→ **WHAT THE TASK ASKS**
Every line of the data below should be repeated exactly, and no picture should be copied.

→ **DATA SEGMENT**
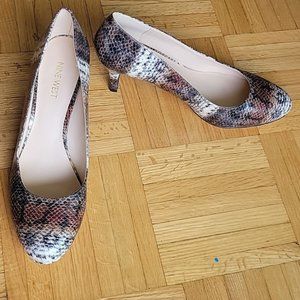 NINE WEST Snakeskin Print High Heels 8.5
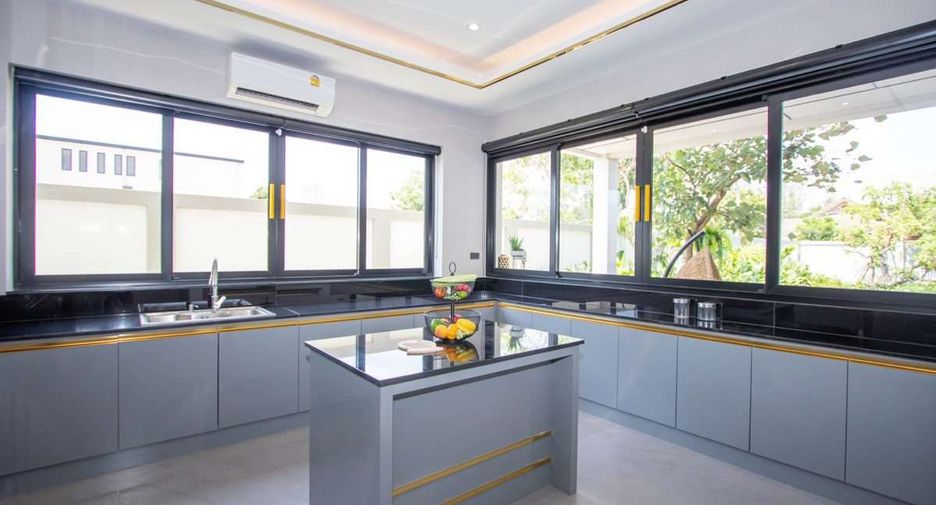 Продажа 4 спальни дом в Mueang Chiang Mai, Чианг Маи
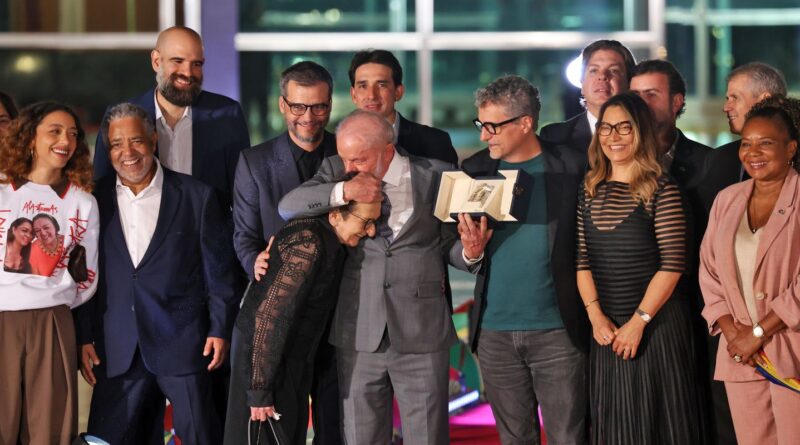 "O Agente Secreto vai representar o nosso cinema com louvor", diz Lula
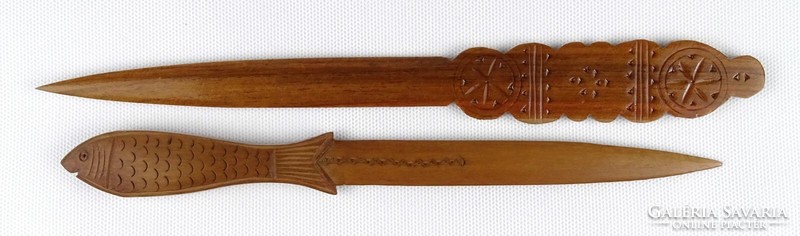 1Q610 Transylvanian carved wooden fish leaf opening knife 2 pieces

→ **EXERCISE RESPONSE**
 NINE WEST Snakeskin Print High Heels 8.5
 Продажа 4 спальни дом в Mueang Chiang Mai, Чианг Маи
 "O Agente Secreto vai representar o nosso cinema com louvor", diz Lula
 1Q610 Transylvanian carved wooden fish leaf opening knife 2 pieces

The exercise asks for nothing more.